The kinship with other Germanic languages can also be seen in the tensing of English verbs (e.g. English fall/fell/fallen/will or shall fall, West Frisian fal/foel/fallen/sil falle, Dutch vallen/viel/gevallen/zullen vallen, German fallen/fiel/gefallen/werden fallen, Norwegian faller/falt/falt or falne/vil or skal falle), the comparatives of adjectives and adverbs (e.g. English good/better/best, West Frisian goed/better/best, Dutch goed/beter/best, German gut/besser/best), the treatment of nouns (English shoemaker, shoemaker's, shoemakers, shoemakers'; Dutch schoenmaker, schoenmakers, schoenmakers, schoenmakeren; Swedish skomakare, skomakares, skomakare, skomakares), and the large amount of cognates (e.g. English wet, Scots weet, West Frisian wiet, Swedish våt; English send, Dutch zenden, German senden; English meaning, Swedish mening, Icelandic meining, etc.).

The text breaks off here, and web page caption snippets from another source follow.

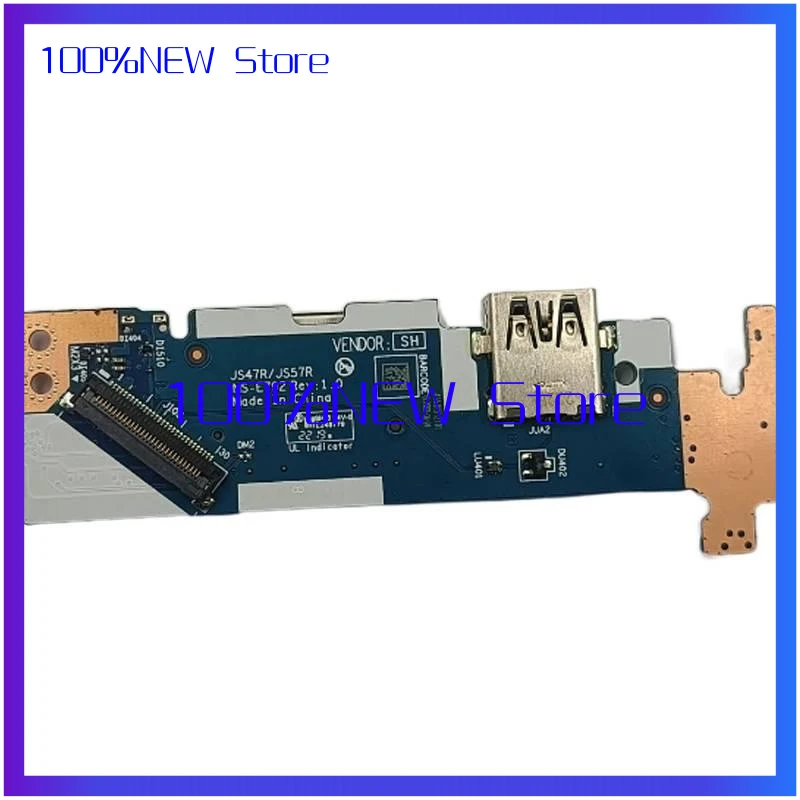 Фото Новый оригинальный NS-E542 NS-E332 для IdeaPad 15ALC7, плата переключения USB, кнопка питания 5C50S25328 NS-E052 NS-E792 №2
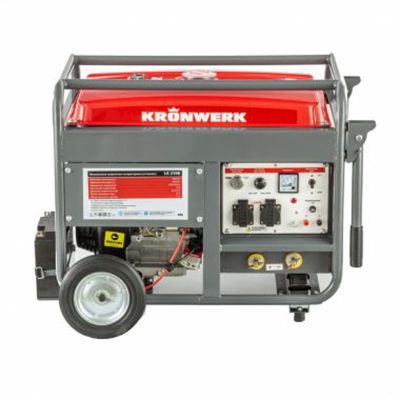 Бензиновый сварочный генератор Kronwerk LK 210Е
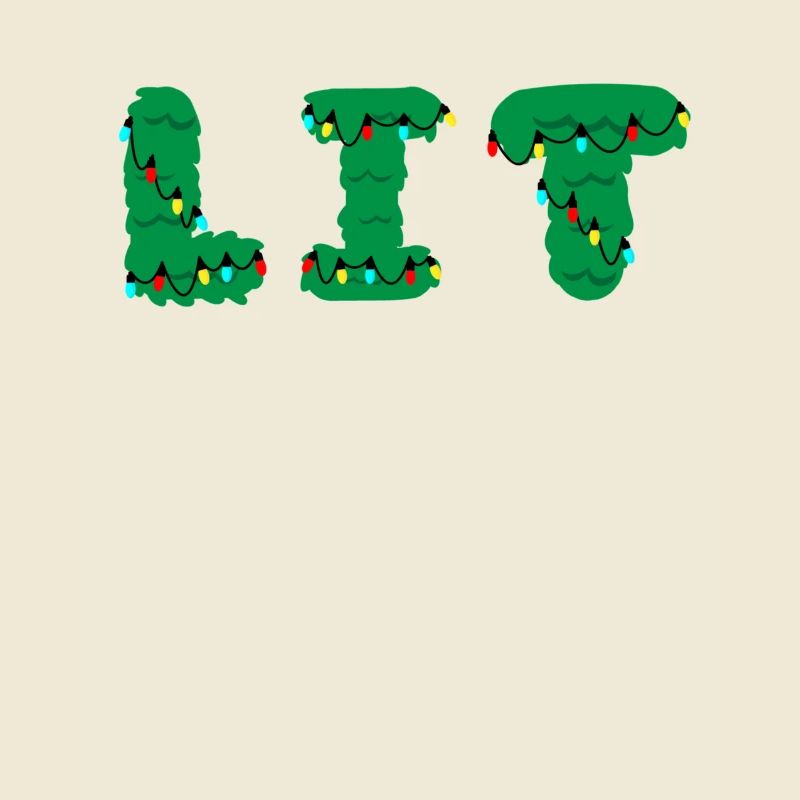 LIT. Advent-Design mit Statement.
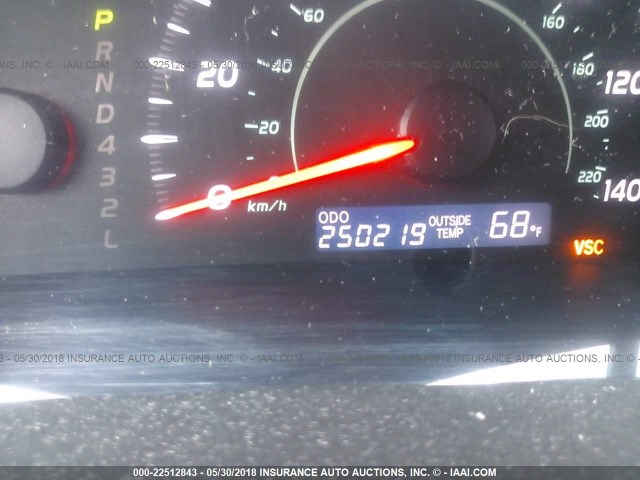 4T1BE46K59U318272 - 2009 TOYOTA CAMRY SE/LE/XLE 灰色 照片 7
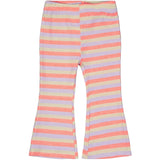 THE NEW Siblings Lavender Herb Fridanne Flared Rib Byxor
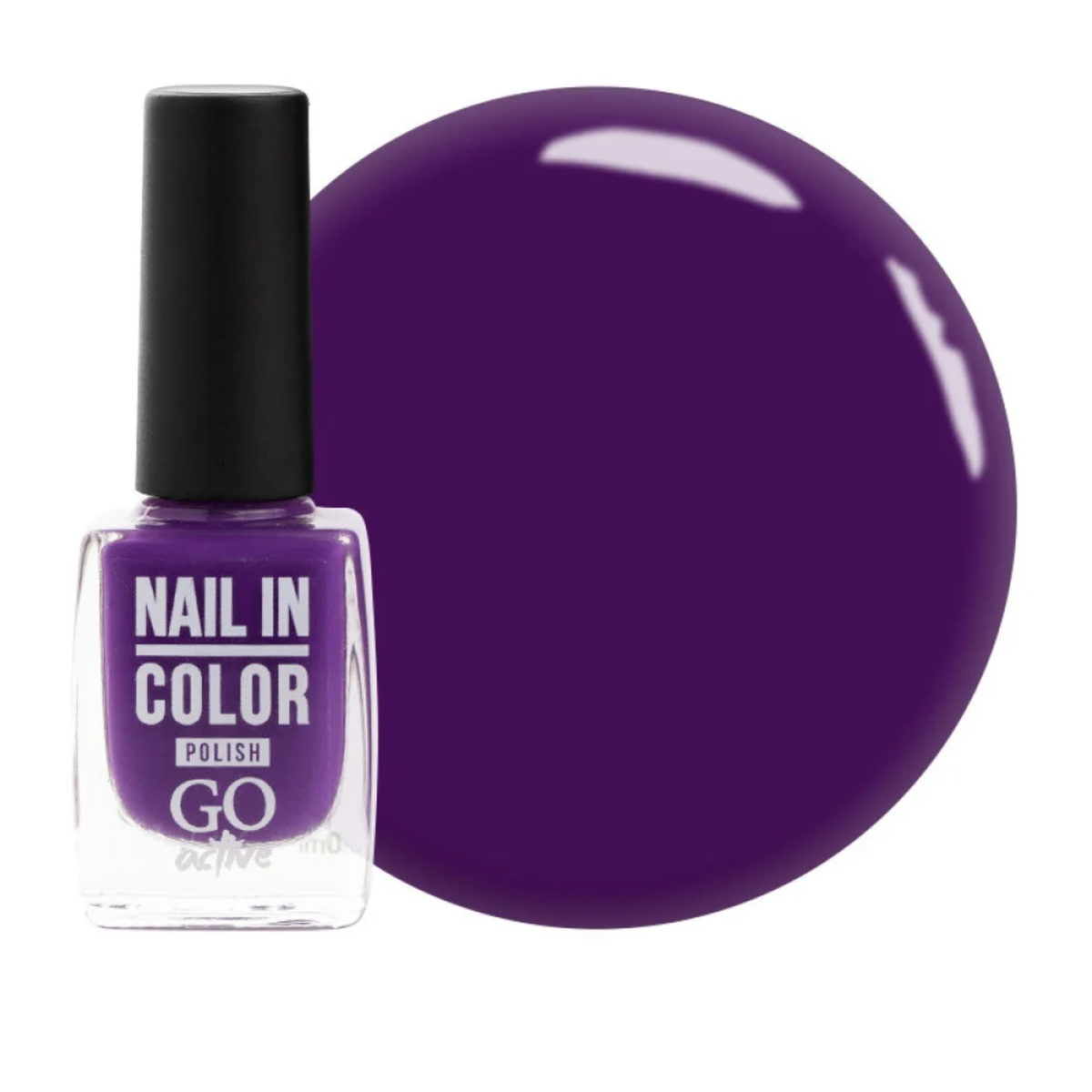 Лак для нігтів Go Active Nail in Color №016, 10мл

It occasionally gives rise to false friends (e.g. English time vs Norwegian time, meaning "hour" [i.e. "a specific amount of time"]; English gift vs German Gift, meaning "poison" [i.e. "that which is given, dosage, dose"]), while differences in phonology can obscure words that really are related (tooth vs. German Zahn; compare Danish tand, North Frisian toth). Sometimes both semantics and phonology are different (German Zeit and Dutch tijd ("time") are related to English "tide", but the English word, through a transitional phase of meaning "period"/"interval", has come primarily to mean gravitational effects on the ocean by the moon (formerly expressed by ebb), though the original meaning is preserved in forms like tidings and betide, and phrases such as to tide over). However, a few other Germanic languages share this same semantic shift, namely Low German (Tīde = "tide of the sea") and Dutch (getijde, tij = "tide of the sea").
Some North Germanic words entered English from the settlement of Viking raiders and Danish invasions that began around the 9th century (see Danelaw). Many of these words are common and are often mistaken for being native, which shows how close-knit the relations between the English and the Scandinavian settlers were (see below: Words of Old Norse origin). Dutch and Low German also had a considerable influence on English vocabulary, contributing common everyday terms and many nautical and trading terms (see below: Words of Dutch and Low German origin).
Some words in English are probably of Scandinavian origin, other than Old Norse, but are difficult to trace with certainty.
Comparison to other Germanic languages
English has been forming compound words and affixing existing words separately from the other Germanic languages for more than 1500 years but shows different patterns in this regard. For instance, abstract nouns in English may be formed from native words by the suffixes "‑hood", "-ship", "-dom" and "-ness". All of these suffixes have cognates in most or all other Germanic languages, but their usage has diverged, as German "Freiheit" and Dutch "vrijheid" vs. English "freedom" (the suffix "-heit"/"-heid" being cognate with English "-hood", while English "-dom" is cognate with German "-tum" and Dutch "-dom"; but note North Frisian fridoem and Norwegian fridom, "freedom"). The Germanic languages Icelandic and Faroese follow English in this respect, since, like English, they developed independent of German influences.
French influence on lexis
Many French words are intelligible to an English speaker, especially when they are seen in writing (as pronunciations are often quite different), because English absorbed a large number of lexical terms from Norman, via Anglo-Norman after the Norman Conquest, and directly from French in subsequent centuries. As a result, a large portion of English vocabulary is made up of words borrowed from French, with some minor spelling differences (e.g. inflectional endings, use of old French spellings, lack of diacritics, etc.), as well as occasional divergences in meaning of so-called false friends: for example, compare "library" with the French librairie, which means bookstore; in French, the word for "library" is bibliothèque. The pronunciation of most French loanwords in English (with the exception of a handful of more recently borrowed words such as mirage, genre, café; or phrases like coup d'état, rendez-vous, etc.) has become largely anglicised and follows a typically English phonology and pattern of stress (compare English "nature" vs. French nature, "button" vs. bouton, "table" vs. table, "hour" vs. heure, "reside" vs. résider, etc.).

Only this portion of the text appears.